Why it matters
Continuing to ease the restrictions on financial relationships with Cuba, the Department of the Treasury's Office of Foreign Assets Control (OFAC) announced additional policy changes to "remove existing restrictions on payment and financing terms for authorized exports and reexports to Cuba of items other than agriculture items and commodities," as well as establishing "a case-by-case licensing policy for exports and reexports of items to meet the needs of the Cuban people, including those made to Cuban state-owned enterprises." Depository institutions in the United States are now permitted to provide financing for authorized exports and reexports (including issuing a letter of credit) with the elimination of the restriction to only cash in advance or third-country financing. However, the amendments—which also lift limits on travel and telecommunications—may be the end of the actions permissible by President Barack Obama's administration without Congress formally lifting the embargo against Cuba. The expansion of commercial relationships with Cuba will continue to be a focus for many businesses which eye residents of Cuba, and individuals and businesses with ties to Cuba, as potential areas of growth.
In furtherance of President Barack Obama's efforts to improve relations between Cuba and the United States, the Department of the Treasury's Office of Foreign Assets Control (OFAC) and the Department of Commerce's Bureau of Industry and Security (BIS) announced new amendments to the Cuban Assets Control Regulations and Export Administration Regulations.
In 2014, the President advocated for a changed position with regard to Cuba and began the process of reconnecting the two countries. Last year, a Florida bank became the first in 50 years to engage in direct transactions with a Cuban bank. Although the U.S. trade embargo remains in place (and requires congressional approval to be lifted), both the BIS and OFAC have issued regulations to allow U.S. banks to open correspondent accounts in Cuban banks and permitted American travelers to use credit and debit cards on the island.
Now the agencies have opened the door even further. With new amendments that took immediate effect in late January, the BIS and OFAC removed financing restrictions for most types of authorized exports, allowing payment of cash in advance, sales on an open account, and financing by third-country financial institutions or U.S. financial institutions.
Pursuant to the changes, Section 515.533(a) of the Cuban Assets Control Regulations (CACR) was amended to remove the previous limitations on payment and financing terms for exports and reexports of items other than agriculture items or commodities to Cuba.
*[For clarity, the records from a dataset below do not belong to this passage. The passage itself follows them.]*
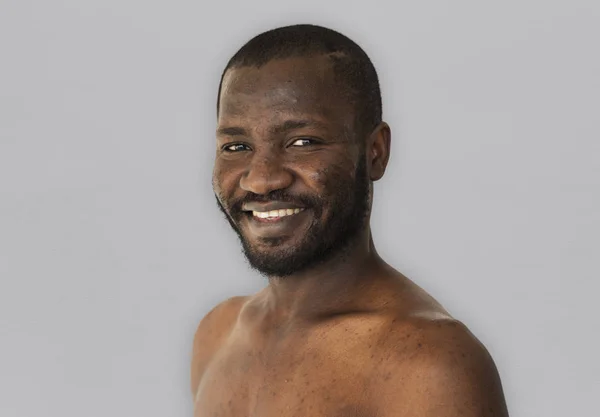Sonriente hombre afroamericano — Foto de Stock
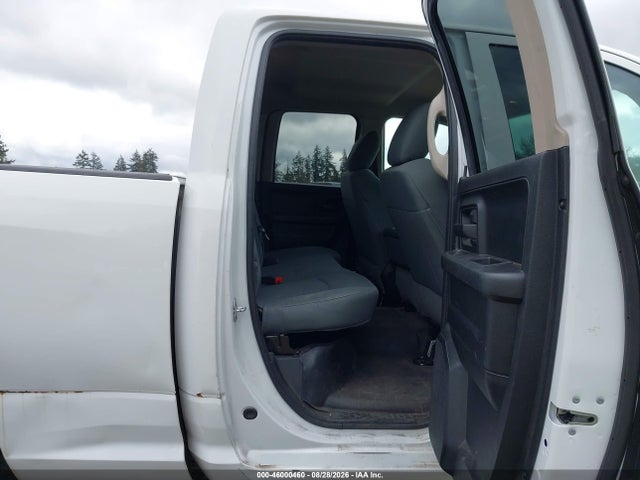 Продаж на аукціоні авто 2017 Ram 1500 Tradesman  4x2 6'4 Box, vin: 1C6RR6FG6HS833278, номер лоту: 46000460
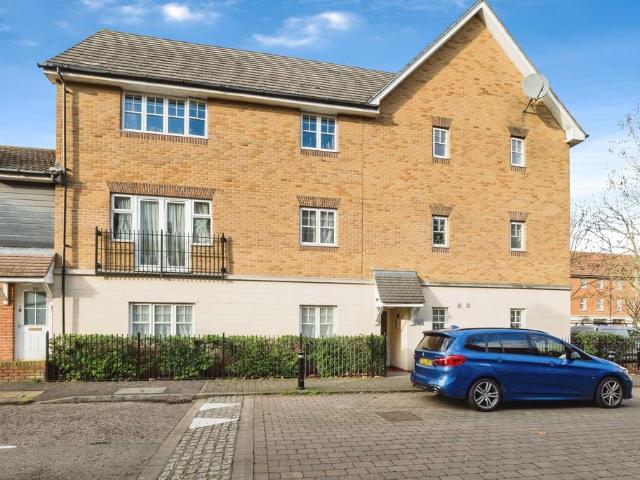Flat for sale in Purfleet, Essex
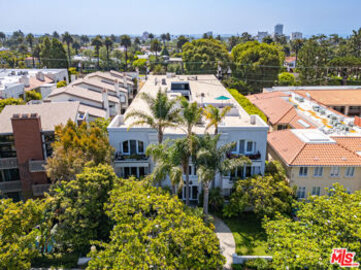 Extraordinary Vicente Del Mar Condominium Located at 446 San Vicente Boulevard #302 was Just Sold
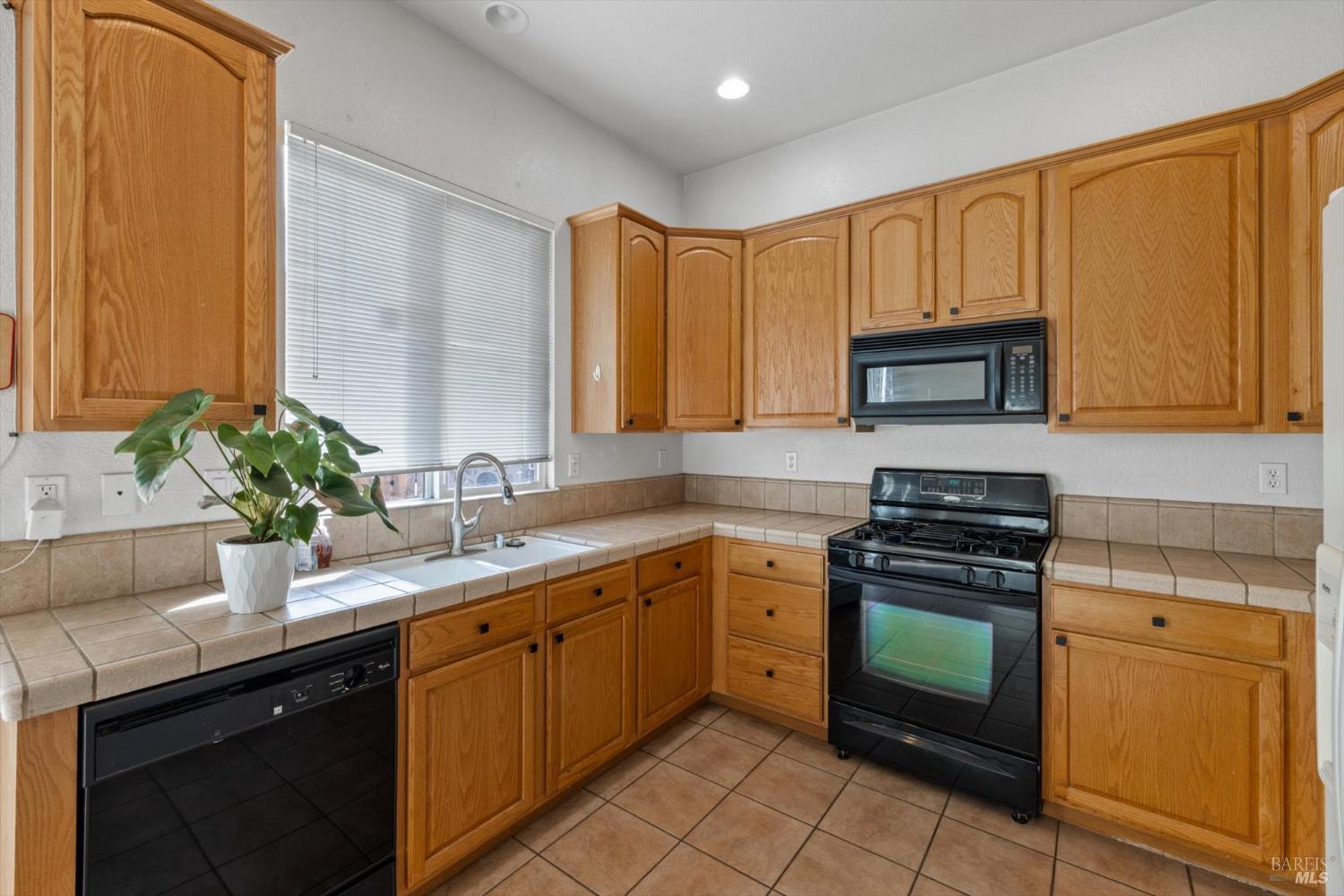 Detail Gallery Image 21 of 55 For 1651 Little Rock Cir, Suisun City,  CA 94585 - 3 Beds | 2 Baths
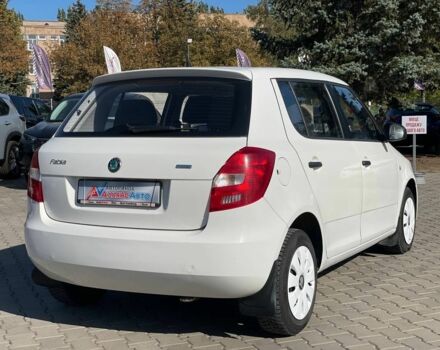 Білий Шкода Фабія, об'ємом двигуна 1.2 л та пробігом 226 тис. км за 4100 $, фото 5 на Automoto.ua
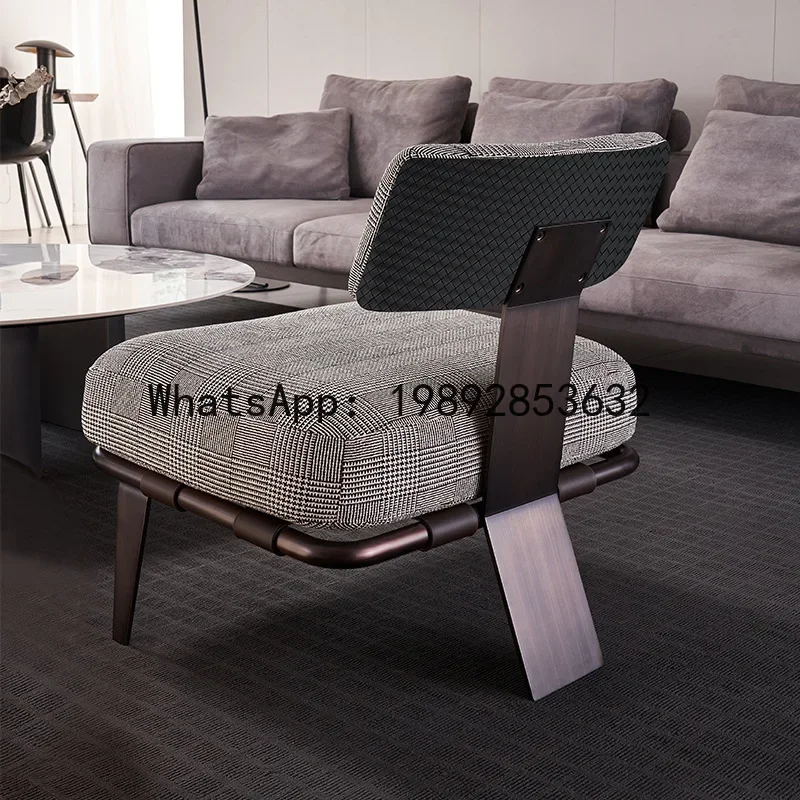 Z14-Italian Style Single Sofa Chair for Home Use, Small Apartment Living Room Bedroom Retro Stainless Steel Fabric Sofa Chair
Z14-Italian Style Single Sofa Chair for Home Use, Small Apartment Living Room Bedroom Retro Stainless Steel Fabric Sofa Chair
Where only third-country financing or cash in advance was permitted, sales on an open account are now allowed by the regulations.
"Depository institutions … are authorized to provide financing for exports or reexports of items, other than agricultural items or commodities, authorized pursuant to Section 515.533, including issuing, advising, negotiating, paying, or confirming letters of credit (including letters of credit issued by a financial institution that is a national of Cuba), accepting collateral for issuing or confirming letters of credit, and processing documentary collections," according to the amendments.
Previously, financing provided for exporters was limited to cash-in-advance payments or through third countries.